Introdução: A lipoenxertia é um enxerto autólogo de células do tecido celular subcutâneo, que pode ser utilizada como técnica complementar na reconstrução mamária. Diante disso, a criopreservação de células-tronco mesenquimais provenientes de tecido adiposo (CTDAs) poderia ser uma maneira de realizar a coleta em um tempo cirúrgico e após realizar a lipoenxertia de forma fracionada. O dimetilsulfóxido (DMSO) é um criopreservante utilizado em pesquisas com células, porém é potencialmente tóxico, o que impossibilitaria a utilização de CTDAs criopreservadas na prática clínica. Novos criopreservantes celulares, sem toxicidade, vêm sendo descritos na literatura científica experimental, como as substâncias L-prolina e trealose. Com isso, esse trabalho teve como objetivo avaliar a viabilidade de CTDAs criopreservadas com a combinação de L-prolina e trealose, em um período de até 90 dias. Método: Estudo experimental, no qual foram obtidas amostras de lipoaspirado provenientes de 9 pacientes. A fração celular foi processada e congelada com L-prolina (1,5M) + trealose (0,2M), ou com DMSO + soro fetal bovino (SFB), como controle. Após 30 e 90 dias, as amostras foram descongeladas e a viabilidade celular foi avaliada pela técnica de MTT. Resultados: A análise das CTDAs, após 1 e 3 meses de congelamento, indicou que as amostras tratadas com L-prolina + trealose apresentaram viabilidade semelhante àquelas preservadas com DMSO e SFB (p=0,444). Conclusão: A associação de L-prolina e trealose manteve CTDA viáveis por 30 e 90 dias de congelamento, podendo ser uma alternativa como criopreservante celular sem toxicidade e viabilizando o uso de lipoenxertia seriada.


Introduction: Fat grafting is an autologous graft of cells from subcutaneous tissue, which can be used as a complementary technique in breast reconstruction. Given this, the cryopreservation of adipose tissue-derived mesenchymal stem cells (ADMSCs) could be a way to collect them in one surgical procedure and after performing fractional fat grafting. Dimethyl sulfoxide (DMSO) is a cryopreservative used in cell research, but it is potentially toxic, which would make it impossible to use cryopreserved ADMSCs in clinical practice.
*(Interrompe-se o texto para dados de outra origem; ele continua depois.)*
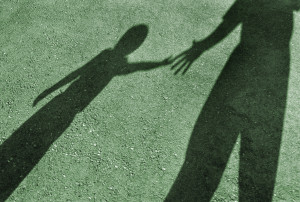 Shadows of adult giving helping hand to child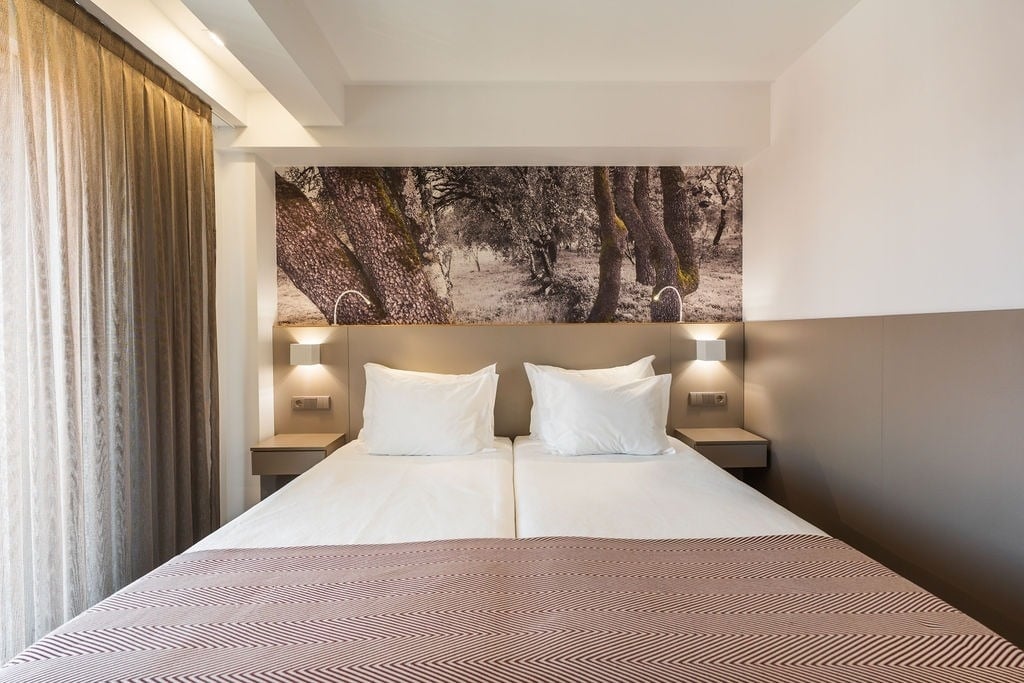 um quarto com uma cama e uma pintura de árvores na parede
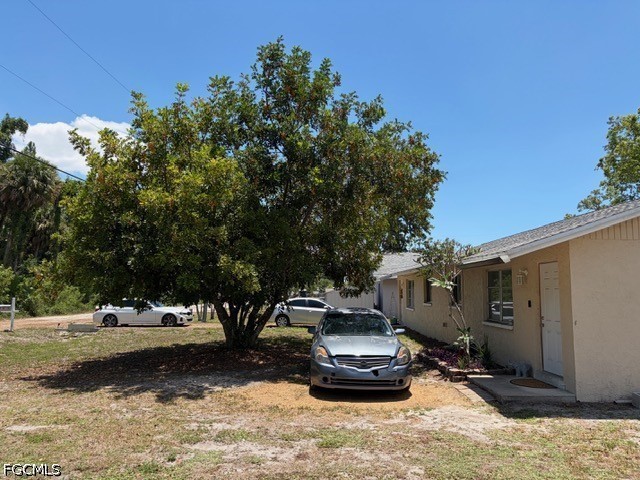 2175 Twin Brooks Road North Fort Myers, FL 33917 - Photo 14 of 27 a view of a backyard with table and chairs and a fire pit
New cellular cryopreservatives, without toxicity, have been described in the experimental scientific literature, such as the substances L-proline and trehalose. Therefore, this work aimed to evaluate the viability of ADMSCs cryopreserved with the combination of L-proline and trehalose over up to 90 days. Method: Experimental study in which lipoaspirate samples were obtained from 9 patients. The cellular fraction was processed and frozen with L-proline (1.5M) + trehalose (0.2M) or with DMSO + fetal bovine serum (FBS) as control. After 30 and 90 days, the samples were thawed, and cell viability was assessed using the MTT technique. Results: The analysis of ADMSCs, after 1 and 3 months of freezing, indicated that samples treated with L-proline + trehalose showed similar viability to those preserved with DMSO and SFB (p=0.444). Conclusion: The association of L-proline and trehalose kept ADMSC viable for 30 and 90 days of freezing, and could be an alternative as a cellular cryopreservative without toxicity and enabling the use of serial fat grafting.